MN: Diese Angriffe haben der politischen Führung der Ukraine zweifellos geschadet – sowohl im eigenen Land als auch im Westen. Sie zeigten, dass die Regierung bereit war, mit der Unabhängigkeit der Institutionen zu spielen – sie hatte jedoch die Reaktion unterschätzt. Die starke Gegenwehr der Ukrainerinnen und Ukrainer sowie ihrer Partner machte deutlich: Ein Rückschritt wird nicht akzeptiert. Das Vertrauen wurde erschüttert – und nur konkrete Taten können es wiederherstellen.


MB: Leider war das nur der Anfang. Nach den Protesten verlagerte die Regierung ihre Strategie auf stillere, taktischere Methoden – sie nutzt unreformierte Behörden, bürokratische Verzögerungen und sogar fingierte Verfahren, um NABU und SAPO von innen unter Druck zu setzen. Es geschieht langsamer und weniger sichtbar, ist aber ebenso gefährlich.


MN: Ja, es ist ein „Tod durch tausend Schnitte“. Diffamierungskampagnen, problematische Gesetzentwürfe, Druck durch Strafverfolgungsbehörden – lauter kleine Schritte, die sich summieren. Deshalb müssen Zivilgesellschaft und westliche Partner wachsam bleiben und frühzeitig reagieren.



Partner besprechen die Ergebnisse der Treffen mit Entscheidungsträgern in Kopenhagen, September 2025
Partner besprechen die Ergebnisse der Treffen mit Entscheidungsträgern in Kopenhagen, September 2025

Da sich das Engagement der USA verändert hat – wie können die EU und ihre Mitgliedstaaten, insbesondere Deutschland, die Reformen am besten unterstützen?


MN:  Das alte Motto „Geld jetzt, Reformen später“ funktioniert nicht mehr. Die jüngsten Entwicklungen in der Ukraine zeigen deutlich, dass stärkere Kontrolle notwendig ist. Wir brauchen frühzeitige und konsequente Aufsicht – eben jene Haltung der „tough love“. Ziel ist es nicht, zu bestrafen, sondern vorzubeugen: rechtzeitig zu handeln, bevor Vertrauen und Unterstützung gefährdet sind.


Martyna, welche Art von Unterstützung ist für die Ukraine derzeit am wertvollsten – politisch, finanziell oder technisch?


MB: Die Eröffnung der EU-Verhandlungskapitel wäre ein großer Schritt – sie würde uns von Diskussionen zu konkreten Zeitplänen und Bedingungen bringen. Die EU sollte jetzt eine konsequentere, forderndere Rolle einnehmen als früher die USA und Fortschritte bei der Korruptionsbekämpfung zur klaren Bedingung für finanzielle Unterstützung machen.


Und schließlich braucht die Ukraine dringend mehr Unterstützung für unabhängige Watchdogs.
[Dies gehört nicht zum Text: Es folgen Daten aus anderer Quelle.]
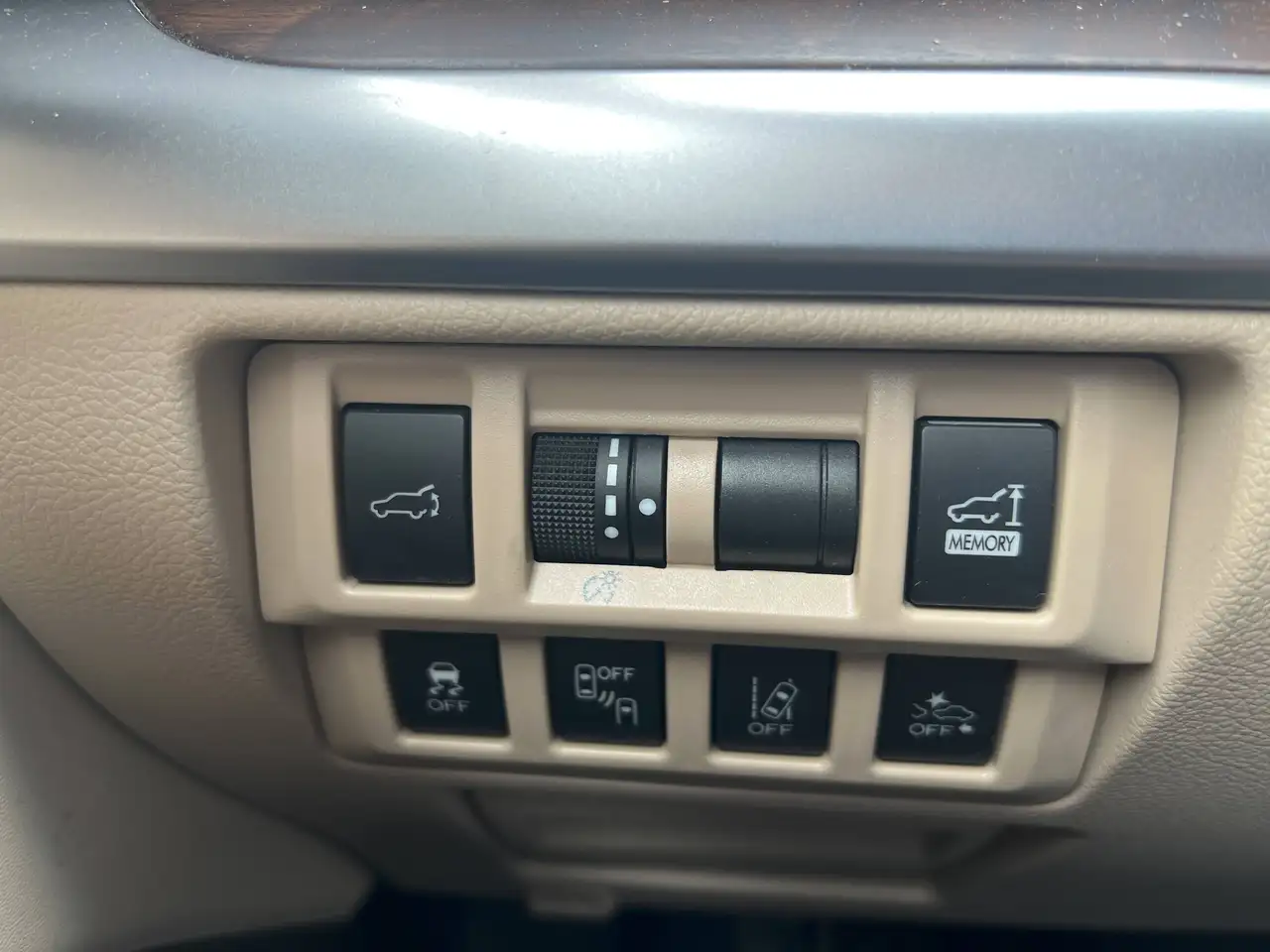 Subaru OUTBACK снимка Subaru OUTBACK
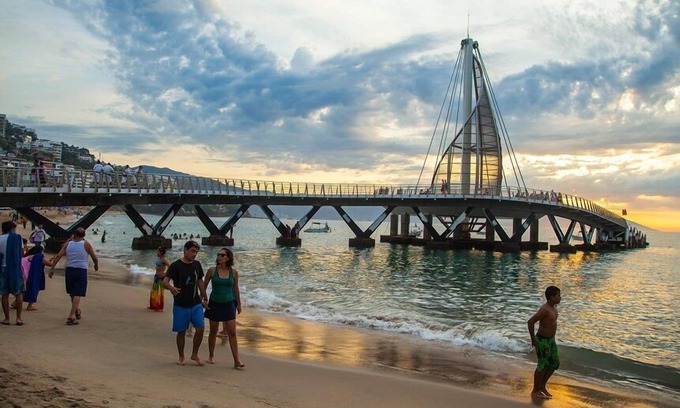 Emiliano Zapata Apartment | La Iguana Vallarta LGBT - Adults Only - Romantic Zone - Party Clubbing Street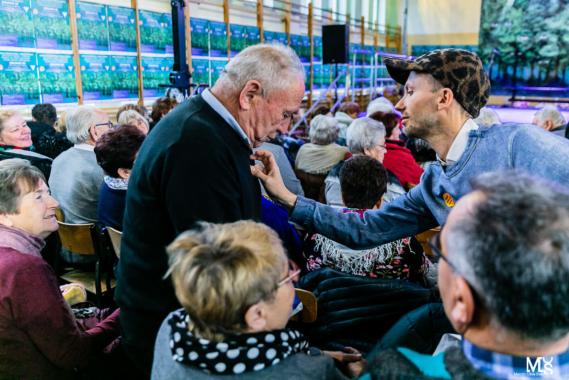 Tomasz Kireńczuk: Chętnie pomożemy: wyprowadzimy psa, zrobimy zakupy. Piszcie do Proximy!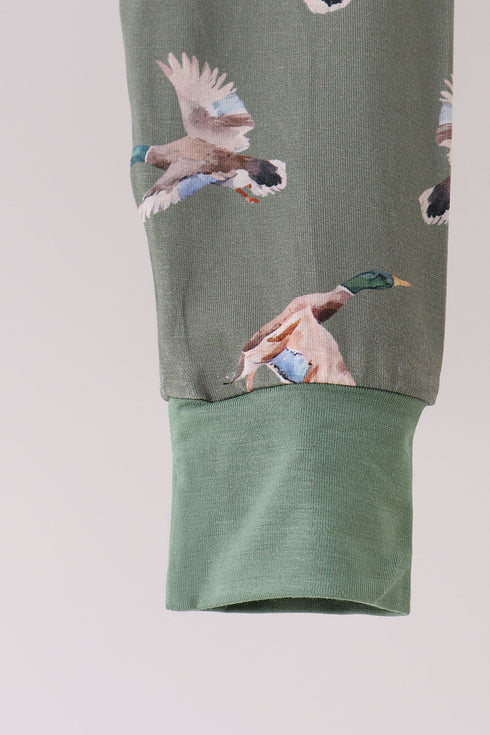 green-mallard-bamboo-pants-set-sophias-style-4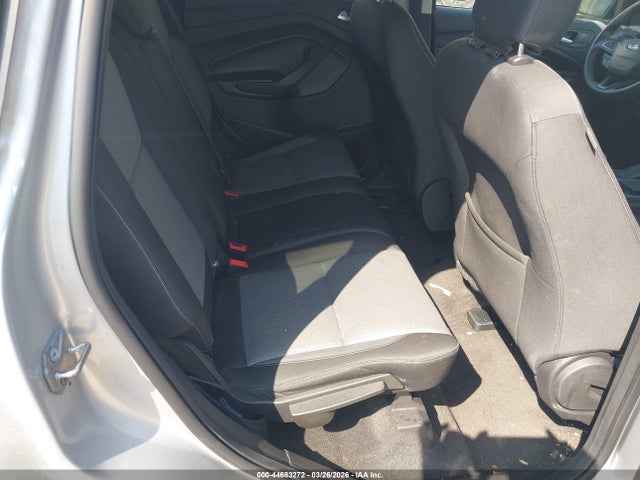 44683272 :رقم المزاد ، 1FMCU0GD7KUC27543 vin ، 2019 Ford Escape Se مزاد بيع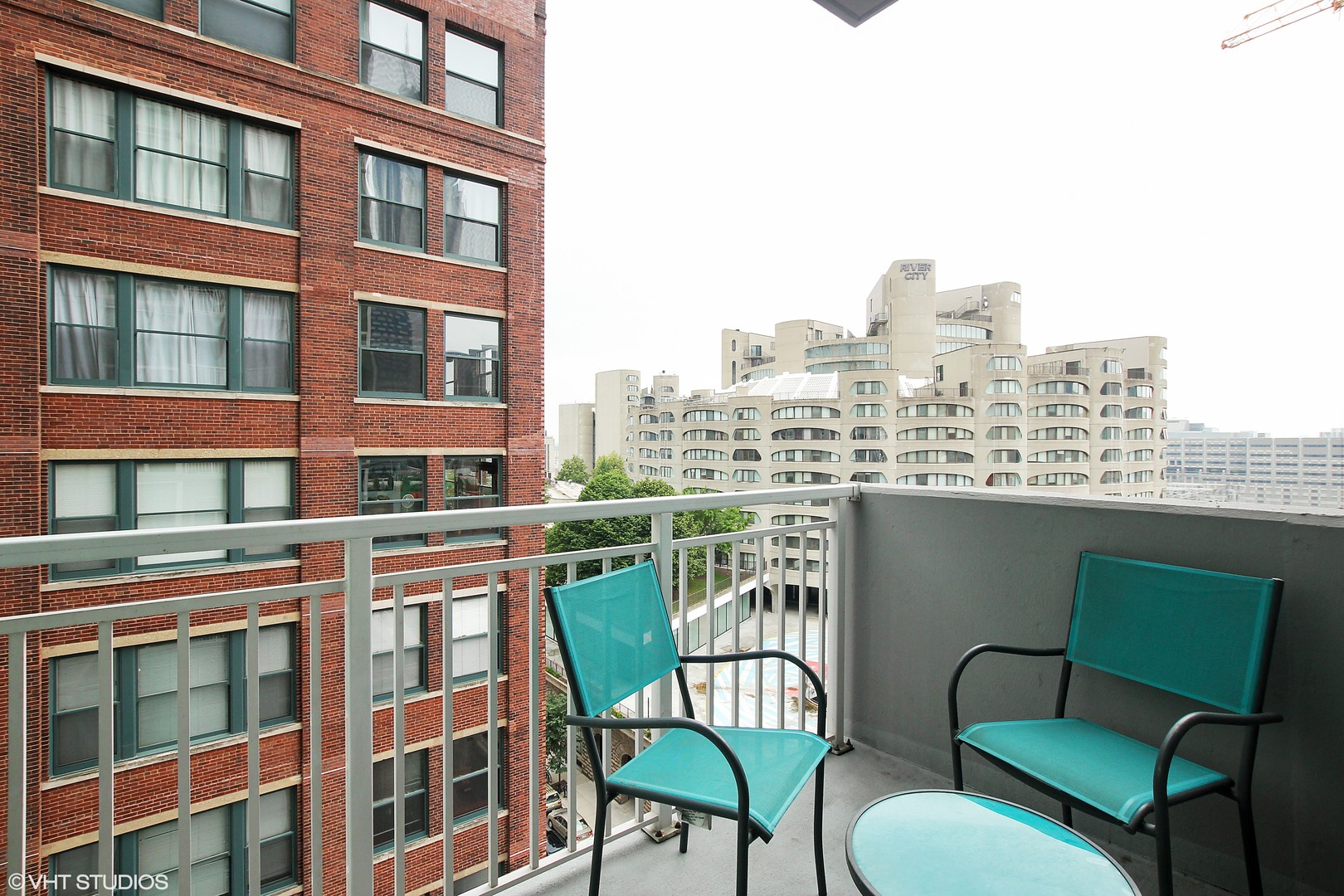 170 West Polk Street, Unit 904 Chicago, IL 60605 - Photo 10 of 10 a view of a chairs and table in the balcony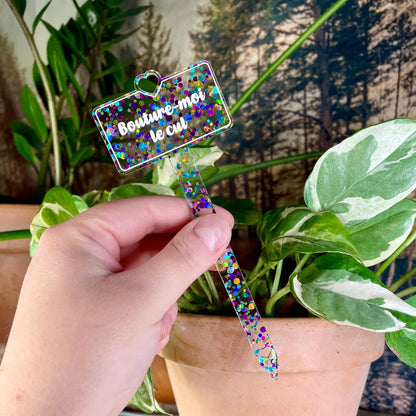 [CONTRÔLE TECHNIQUE] Pic à plante "Bouture-moi le cul" en acrylique à pois violets, bleus et jaunes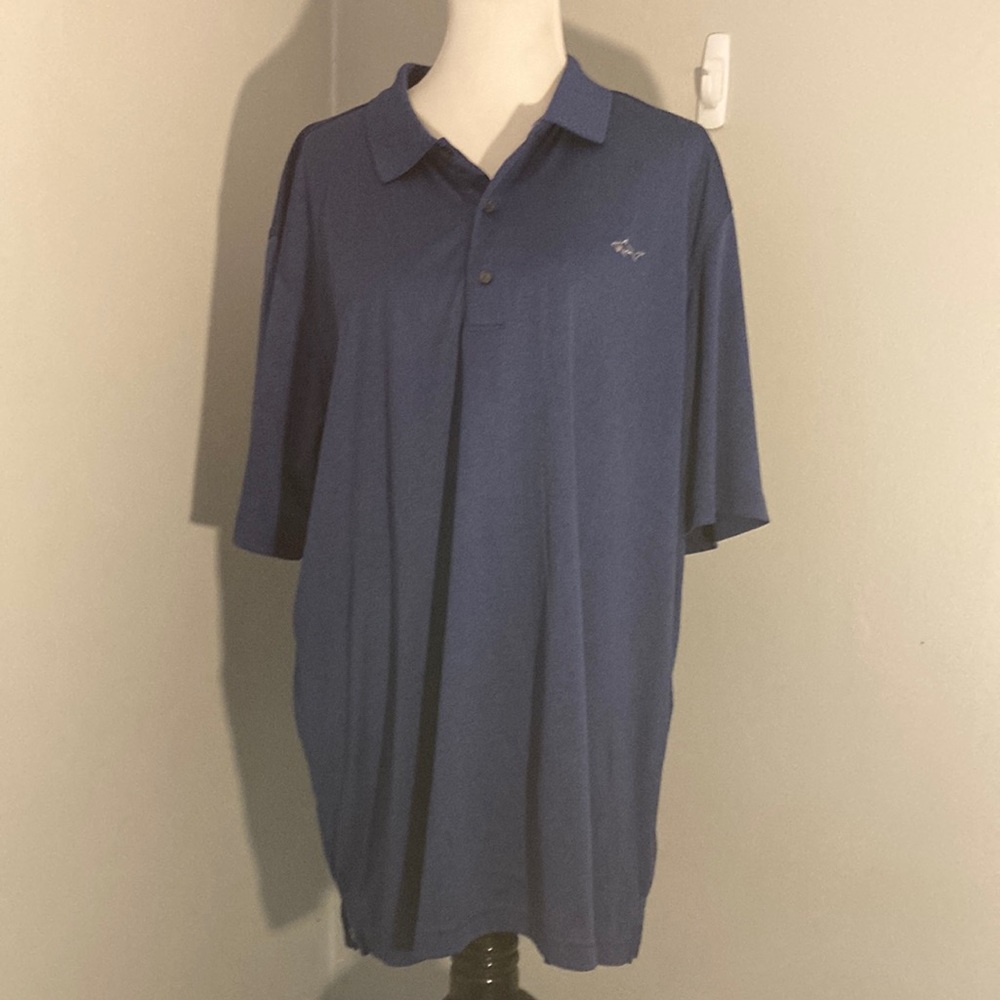 Brand new never worn Greg Norman play dry polo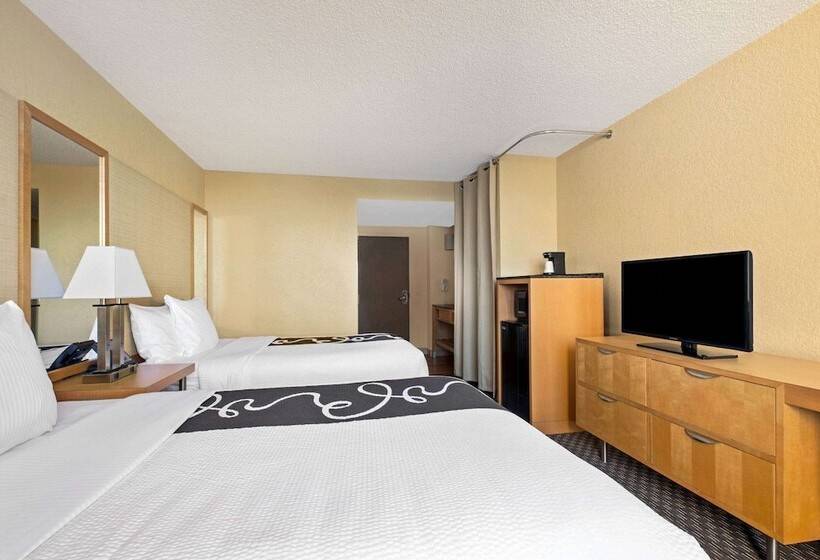 Номер Стандарт 2 Двуспальные Кровати, La Quinta Inn & Suites By Wyndham Sunrise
Es gibt nur noch rund zehn wirklich unabhängige Anti-Korruptions-NGOs, und sie kämpfen ums Überleben. Sichtbare politische und finanzielle Unterstützung aus Brüssel und den Mitgliedstaaten ist entscheidend – sie zeigt, dass Europa fest an der Seite derer steht, die Tag für Tag für Integrität kämpfen.